**Task to complete**
Write each line out exactly, from the one containing "Commodore (A3000) Amiga" through the final line of the data, and keep pictures out of the copy.

(Collection entries)
Start of Block

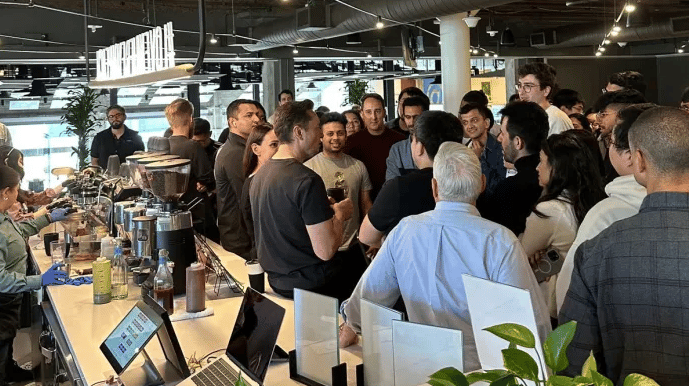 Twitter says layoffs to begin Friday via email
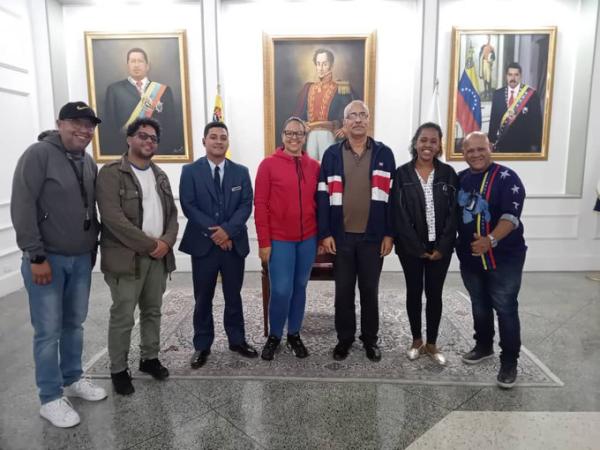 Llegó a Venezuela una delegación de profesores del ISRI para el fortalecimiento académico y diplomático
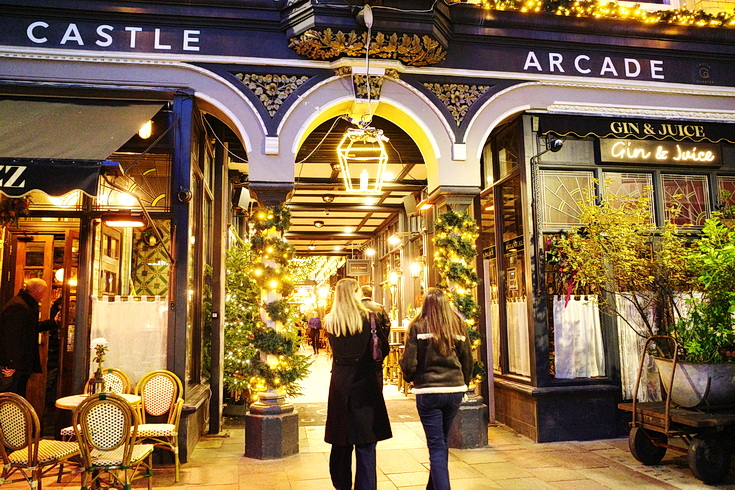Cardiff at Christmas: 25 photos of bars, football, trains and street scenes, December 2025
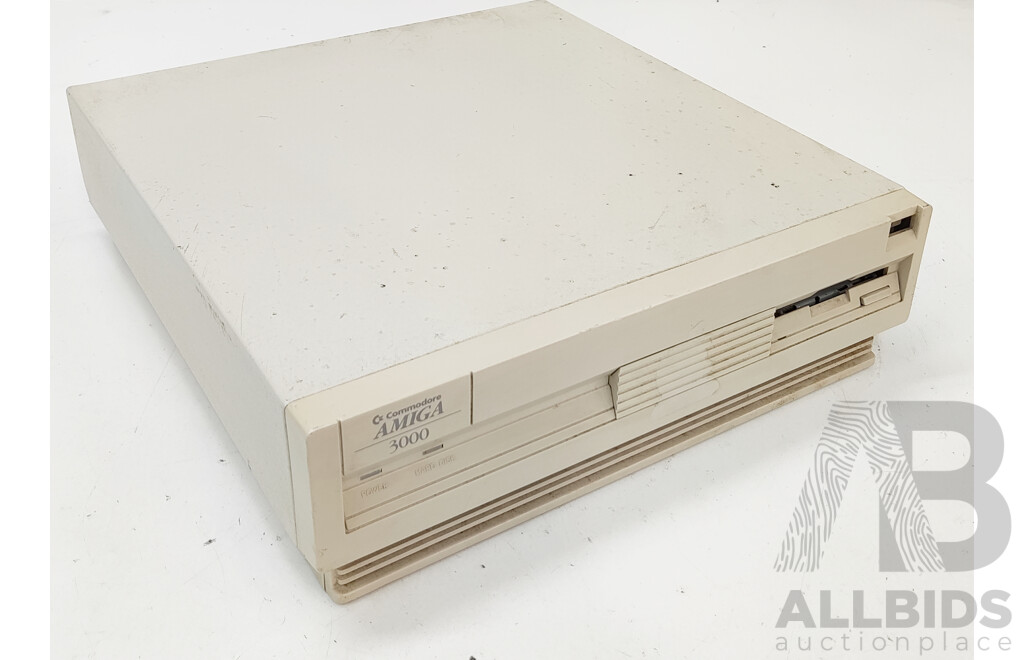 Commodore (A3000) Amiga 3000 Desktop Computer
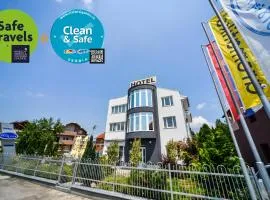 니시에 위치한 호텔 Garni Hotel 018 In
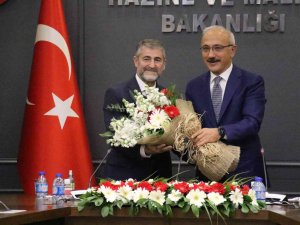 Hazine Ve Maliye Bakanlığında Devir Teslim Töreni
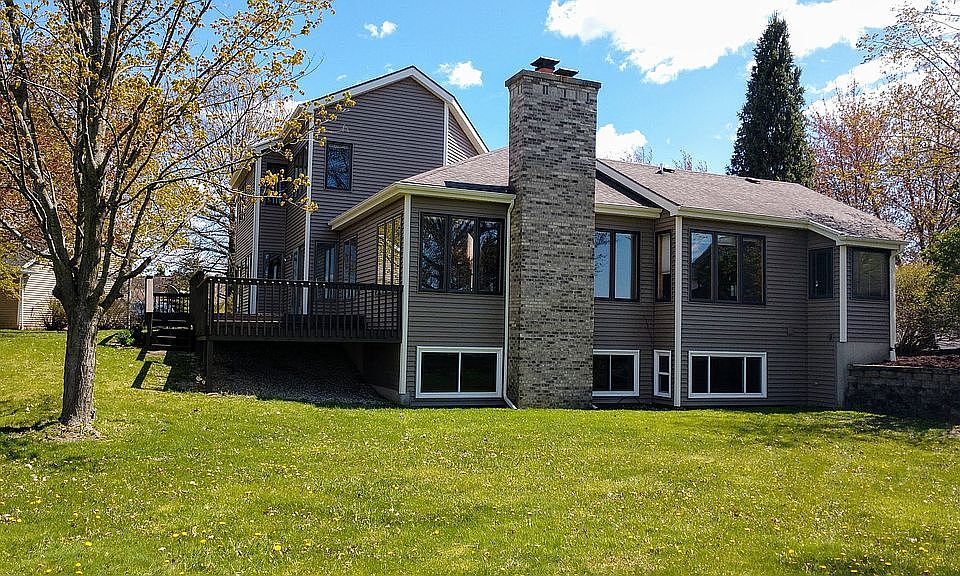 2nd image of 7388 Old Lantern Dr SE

End of Block

**Solution to this problem**
 Commodore (A3000) Amiga 3000 Desktop Computer
 니시에 위치한 호텔 Garni Hotel 018 In
 Hazine Ve Maliye Bakanlığında Devir Teslim Töreni
 2nd image of 7388 Old Lantern Dr SE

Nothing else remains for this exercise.